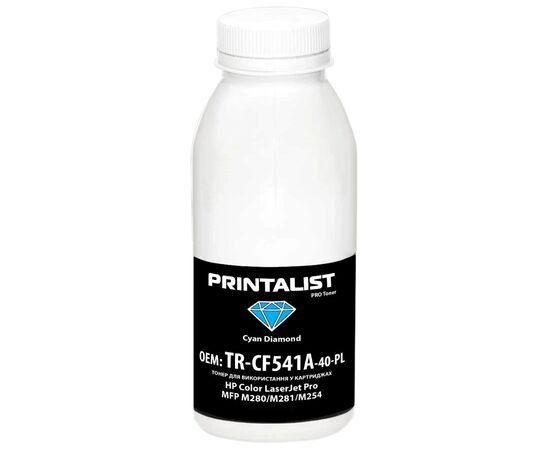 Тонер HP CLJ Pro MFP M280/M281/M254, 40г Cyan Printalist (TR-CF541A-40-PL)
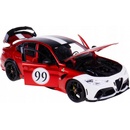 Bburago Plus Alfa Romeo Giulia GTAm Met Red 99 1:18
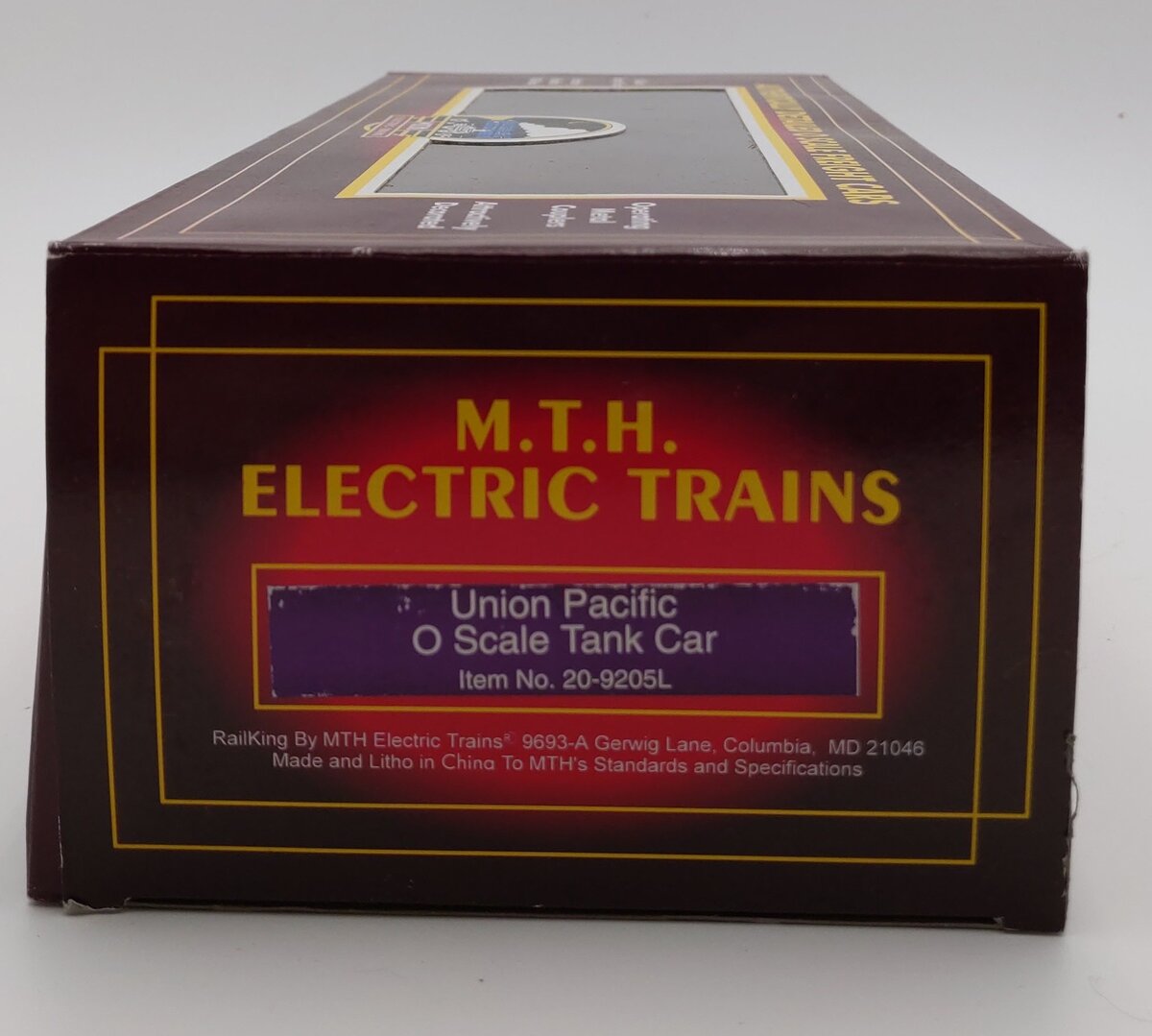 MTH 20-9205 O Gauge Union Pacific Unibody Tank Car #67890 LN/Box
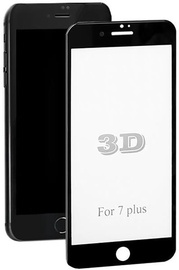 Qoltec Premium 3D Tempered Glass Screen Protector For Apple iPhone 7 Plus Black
--
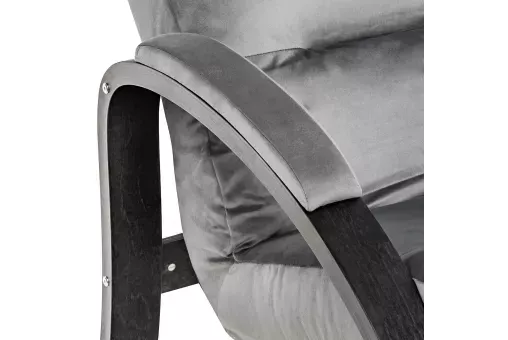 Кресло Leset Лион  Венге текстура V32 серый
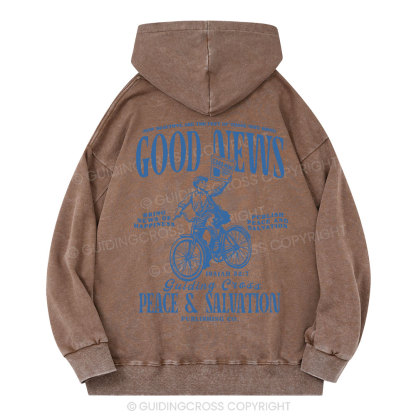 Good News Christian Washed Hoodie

*WHAT TO PRODUCE*. Look above and copy only the lines from the one holding "MTH 20-9205 O" to the one holding "Qoltec Premium 3D", both included, exactly, minus the pictures.

*ANSWER SPACE*.
 MTH 20-9205 O Gauge Union Pacific Unibody Tank Car #67890 LN/Box
 Qoltec Premium 3D Tempered Glass Screen Protector For Apple iPhone 7 Plus Black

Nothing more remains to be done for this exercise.